Rope, which this year celebrates its 70th anniversary, might be the crowning example of style-over-substance in director Alfred Hitchcock’s career. Adapted from a stageplay by Patrick Hamilton, Hitchcock wanted to translate the theatergoer’s experience by having the whole film shot in a single take through the front hall and dining room and parlor of a sprawling Manhattan apartment where two young men, sophisticates (lovers whose relationship was made clear in the play but only suggested in the movie), have strangled their close friend, David, with a length of the eponymous rope. His corpse is hidden in a large decorative trunk in the parlor. Tempting fate — and ostensibly for some sort of sexual thrill — the young killers throw a tablecloth over the trunk, set some hors d’ouvres on it, and invite the victim’s friends and family over for a party.
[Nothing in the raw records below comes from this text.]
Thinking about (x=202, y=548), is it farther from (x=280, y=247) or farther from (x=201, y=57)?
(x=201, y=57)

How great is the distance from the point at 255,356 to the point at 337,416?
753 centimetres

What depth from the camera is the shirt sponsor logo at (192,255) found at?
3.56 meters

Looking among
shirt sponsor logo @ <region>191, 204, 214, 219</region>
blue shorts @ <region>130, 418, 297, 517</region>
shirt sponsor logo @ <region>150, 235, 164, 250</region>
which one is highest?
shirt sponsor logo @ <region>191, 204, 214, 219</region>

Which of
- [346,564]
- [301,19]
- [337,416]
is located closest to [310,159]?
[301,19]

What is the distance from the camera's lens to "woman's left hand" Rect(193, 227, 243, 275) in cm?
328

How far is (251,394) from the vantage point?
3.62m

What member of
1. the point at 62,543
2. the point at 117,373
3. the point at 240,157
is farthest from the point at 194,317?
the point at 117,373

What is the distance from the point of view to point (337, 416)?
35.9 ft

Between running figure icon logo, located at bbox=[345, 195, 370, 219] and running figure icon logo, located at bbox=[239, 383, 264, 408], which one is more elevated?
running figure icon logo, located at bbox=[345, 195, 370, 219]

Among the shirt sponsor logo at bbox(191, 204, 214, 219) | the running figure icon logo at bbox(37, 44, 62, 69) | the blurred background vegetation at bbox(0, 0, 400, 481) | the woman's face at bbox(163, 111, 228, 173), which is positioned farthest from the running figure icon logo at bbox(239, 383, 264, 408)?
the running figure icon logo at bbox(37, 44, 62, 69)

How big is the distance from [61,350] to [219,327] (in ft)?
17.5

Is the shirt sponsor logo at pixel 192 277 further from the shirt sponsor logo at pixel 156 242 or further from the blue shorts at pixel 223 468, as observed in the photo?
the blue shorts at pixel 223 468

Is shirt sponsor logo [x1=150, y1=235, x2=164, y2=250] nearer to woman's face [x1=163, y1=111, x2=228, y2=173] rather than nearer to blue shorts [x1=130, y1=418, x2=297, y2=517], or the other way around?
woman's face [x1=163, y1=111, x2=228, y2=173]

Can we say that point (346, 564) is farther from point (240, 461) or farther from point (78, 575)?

The film was slammed by critics, some renouncing it on the basis of the gay relationship between the killers, but most of them complaining about the confined setting. Few of them mentioned the camera technique — the single 80-minute shot which, ultimately, is an illusion. That the camera should move so gracefully in what feels like an eternal dance with the actors is a huge feat, for which Hitchcock and his DPs, Joseph Valentine and William V. Skall, deserved more plaudits than they got. But a reel of film ran roughly ten minutes long at the time. Hitchcock had the ambition to do a whole film in one take, but not eh technology. So whenever a character passes so closely in front of the camera that, if only for a second, we see a flash of darkness as their outfit presses up against the lens, Hitchcock is cutting the film and loading up a new reel.

Jimmy Stewart plays a former teacher of the two killers and their friend. He’s an author of books on philosophy (an enterprise described by one character, with equal parts brevity and truth: “big words, small print, no sales”). He’s the sleuth who, sensing something too giddy in one host and too anxious in the other, begins to unravel the situation.
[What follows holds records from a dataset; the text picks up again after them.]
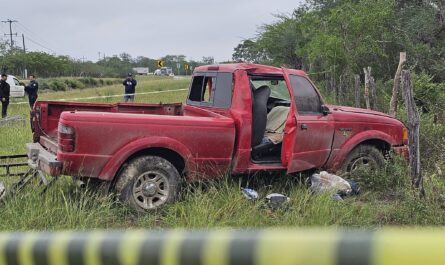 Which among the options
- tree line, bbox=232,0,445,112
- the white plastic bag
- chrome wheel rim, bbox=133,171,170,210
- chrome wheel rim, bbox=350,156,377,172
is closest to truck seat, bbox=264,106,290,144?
the white plastic bag

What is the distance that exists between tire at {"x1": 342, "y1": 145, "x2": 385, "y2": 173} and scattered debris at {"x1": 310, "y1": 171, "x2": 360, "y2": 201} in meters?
0.44

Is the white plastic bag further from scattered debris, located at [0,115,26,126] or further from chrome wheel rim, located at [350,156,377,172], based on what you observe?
scattered debris, located at [0,115,26,126]

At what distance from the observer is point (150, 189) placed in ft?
19.2

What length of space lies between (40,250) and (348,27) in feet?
53.9

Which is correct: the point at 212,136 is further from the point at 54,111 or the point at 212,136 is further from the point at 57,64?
the point at 57,64

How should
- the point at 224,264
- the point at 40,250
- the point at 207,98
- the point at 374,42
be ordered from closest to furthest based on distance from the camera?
the point at 224,264
the point at 40,250
the point at 207,98
the point at 374,42

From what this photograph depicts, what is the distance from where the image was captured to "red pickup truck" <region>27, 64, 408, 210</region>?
561 cm

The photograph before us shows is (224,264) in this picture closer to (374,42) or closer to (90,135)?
(90,135)

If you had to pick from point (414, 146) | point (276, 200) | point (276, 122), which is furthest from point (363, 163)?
point (276, 200)

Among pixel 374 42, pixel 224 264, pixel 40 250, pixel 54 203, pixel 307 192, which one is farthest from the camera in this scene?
pixel 374 42

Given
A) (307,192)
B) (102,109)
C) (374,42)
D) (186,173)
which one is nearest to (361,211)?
(307,192)

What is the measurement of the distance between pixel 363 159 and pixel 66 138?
3.91 meters

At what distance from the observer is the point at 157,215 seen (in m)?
5.69

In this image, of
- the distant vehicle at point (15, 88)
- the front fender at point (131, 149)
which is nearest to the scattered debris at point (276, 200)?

Stewart would also say, later, that he didn’t like Rope (though he clearly didn’t have any hard feelings about it, as he went on to make Rear Window and Vertigo with Hitchcock over the next few years), and even Hitchcock himself, so embarrassed by the final product, had the film withdrawn from circulation.
Both reactions are unfortunate. Rope shows laudable departures for both men. Stewart, with touches of gray in his hair, had recently returned from World War II, where he’d been elevated to the rank of brigadier general (a military rank — somebody points out on Wikipedia — surpassed by only one other actor in his generation, who went on to become Commander in Chief), and he plays the jaded, misanthropic, pedantic philosopher with annoying persuasion. It’s an interesting departure from his earlier, baby-faced, aw-shucks performances in stuff like Destry Rides Again and Mr. Smith Goes to Washington and It’s a Wonderful Life. And, with the war behind him, this bit of an edge to his character feels earned. A window into the character, actor, and era all in one.
As for Hitchcock, he lives up to the challenge. Apart from the camera’s dance with the characters, Hitchcock was sensitive about the skyline we see through the front window, a meticulous mat painting, made lively with plumes of smoke and an elaborate display of lights, whose construction — as Hitchcock biographer Donald Spoto confirms — subjected the lighting crew to a special kinda hell.

Much of the joy in watching Rope today, however, comes from the vibe of discovering a missing gem that, without showcasing the greatest work of its stars — front and back of the camera — does display their distinctive touches. It’s funny, clever, and should appeal especially to the sort of cinephile who’d read a filmmaker’s collected letters or production notes. It’s an ambitious and provocative movie that feels a bit like something we were never supposed to see. A storyteller playing with a scenario, bringing it just up tot he line of total realization, and then abandoning it. It’s easy to imagine Hitchcock being halfway into production and realizing — only now that it’s playing out before him — that this was a bad idea, that having a few cuts might’ve really helped to define the shape and space and tone, but then deciding, having come this far, to just finish it.
The whole thing feels pretty slight, story-wise, but this early example of a feature-length technicolor film is beautiful to look at, with some of the elaborate and sustained camera movements showcasing the grace, versatility, and cadence of beautiful prose, with a final product that illustrates, in a stimulating way, that a genius in constant motion will occasionally do something silly.
But even the silly things are interesting.